Ich springe herum im Programm des äußerst intensiven Abends, bei dem ich wieder non stop geblieben bin, obwohl ich sehr müde war. Ich habe eifrig mitgeschrieben, um für später Erinnerungspunkte zu haben, das hat Helga G. Schweiger, die neben mir gesessen ist, neugierig gemacht, sie wollte wissen, was ich über sie geschrieben habe.
Ich schreibe ein paar Sätze des Gehörten mit, manchmal auch eine Bemerkung, die nicht dazu gehört, so ist es peinlich ein Rohkonzept aus der Hand zu geben, sie wollte es aber lesen, es entspann sich eine Diskussion, die Eva Dite beim Lesen störte …
Ilse Kilic und Fritz Widhalm vom fröhlichen Wohnzimmer und dem Glücksschweinmuseum hätte ich jetzt fast vergessen, sie waren aber auch sehr spät daran, ich bin eigentlich nur wegen ihnen geblieben und wegen Susanne Schneider, die auf der Rotenturmstraße spazierenging und dabei von China träumte.

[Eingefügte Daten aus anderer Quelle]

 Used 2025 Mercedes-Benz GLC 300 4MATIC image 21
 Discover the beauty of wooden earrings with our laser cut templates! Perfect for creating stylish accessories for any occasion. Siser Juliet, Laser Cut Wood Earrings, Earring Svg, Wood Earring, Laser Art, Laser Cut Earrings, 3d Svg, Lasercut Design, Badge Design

Am Schluß las Rolf Schwendter sein „Wir retten das System“ – Volksstimmefestpoem noch einmal.
Viele, viele habe ich jetzt nicht erwähnt. Der Text hat aber schon über tausend Worte, also im nächsten Jahr selber hingehen, denn da wird österreichische Literatur geboten, die man sonst vielleicht übersieht.